Last of all he slung a heavy cloak about his shoulders, and put on his riding-gloves, of which Uwen had said he would be very glad in the chill air.
There was nothing to do, then, but to watch the servants put out all the candles and put out the fire, and for all of them to take a last look at a home no one knew if they would see again, in a gathering that might never come together again.
Then it was down the stairs amongst the servants with Uwen and Lusin, one of the guards who had been with him longest, to the courtyard, where they were bringing horses up, by precedence.

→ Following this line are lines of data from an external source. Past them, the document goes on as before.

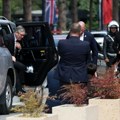 Samit Evropske političke zajednice u Tirani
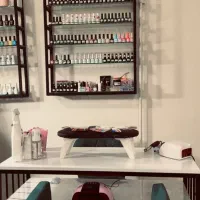 اجاره لاین ناخن فوری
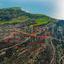 plot for sale pissouri limassol 7871370 thumbnail 11381170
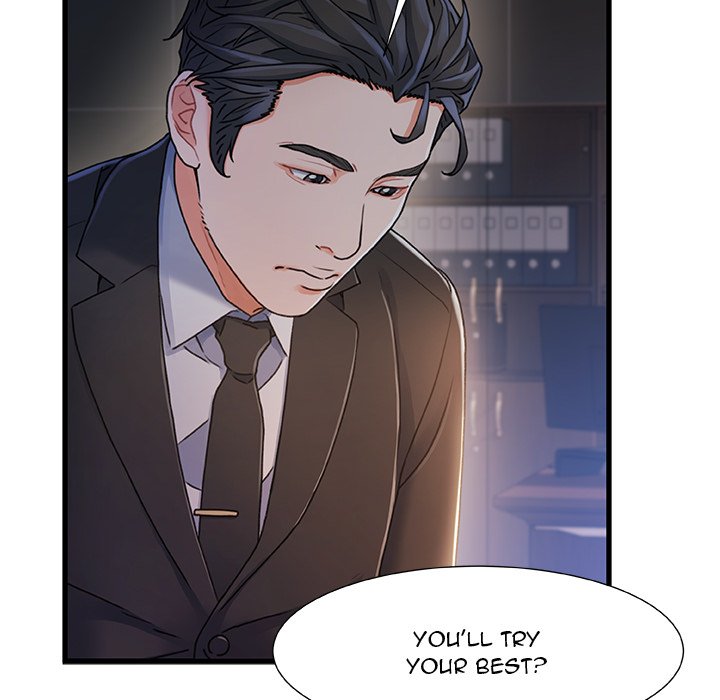 Achilles Heel - Chapter 24 [photo 83] - MangaPorn
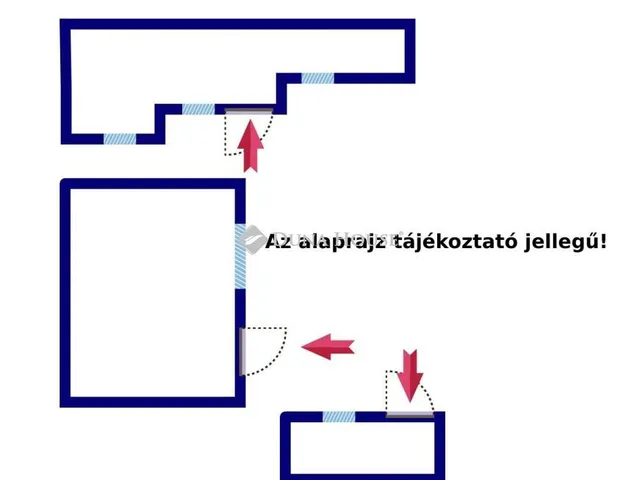 Eladó mezőgazdasági ingatlan Kecskemét 160 nm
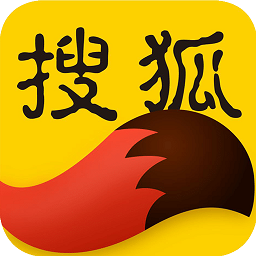 制作高质量内容的技巧:MK娱乐成功秘诀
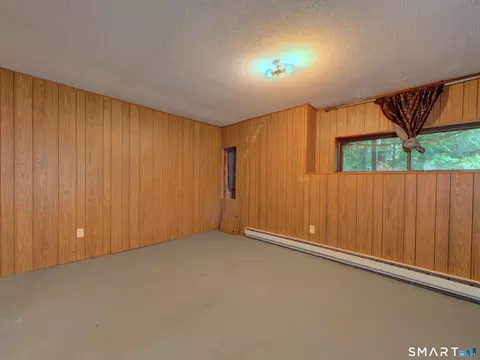 Bedroom - 56 Suffield Meadow Dr #56, Suffield, CT 06078 photo 9 of 9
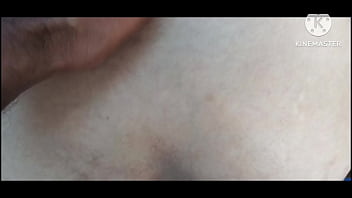 Bibi Desi Kampung Panas Ngesex Brutal Di Luar Ruangan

Outside the town walls, on the lords’ former campground, was where their personal wagon and their drivers would be waiting, also in their order of precedence—a long line, since the Guelen guard and the Amefin contingent had not only their own baggage, but also the baggage train of the absent lords and their armies under their escort.
Their wagon was already loaded with the gear and trappings from the pasture-stable, which Aswys himself had accounted for, and seen loaded—at least that was the prearrangement, if Aswys had been able to get to the wagon.
“He’ll be there,” Uwen said. “He’s a King’s man. They’ll let him through. Hain’t no trouble at all, m’lord, compared with the ranks tryin’ to find their gear in a thunderstorm.”
Heavy-axled wagons had been rolling for half the night, as anyone trying to sleep could attest, the most of them loading once, at the granary, as they understood, and not to unload again until they reached their final encampment: a certain number would distribute grain to the individual wagons at the first camp, and immediately turn back to Henas’amef, to reload and go out again. Supply for that many horses when the hazard of attack precluded letting the horses out to graze was a very great difficulty; and feeding that number of men over the same number of days, plus the supply of firewood when foraging might be dangerous made necessary another number of wagons—and heavy wagons traveled at the same speed as a man could leisurely walk, no faster, often slower. That meant that the ground a man on a light horse could cover in a day was three to five times the rate at which loaded wagons would travel, and if an experienced rider on a well-conditioned horse needed make the distance only once rather than three or four days’ sustained effort, the rider might push it to six times the distance a wagon might cover over a number of days, granted the day-after-day wear on the wagon teams, the wheels, and the axles did not create further delays.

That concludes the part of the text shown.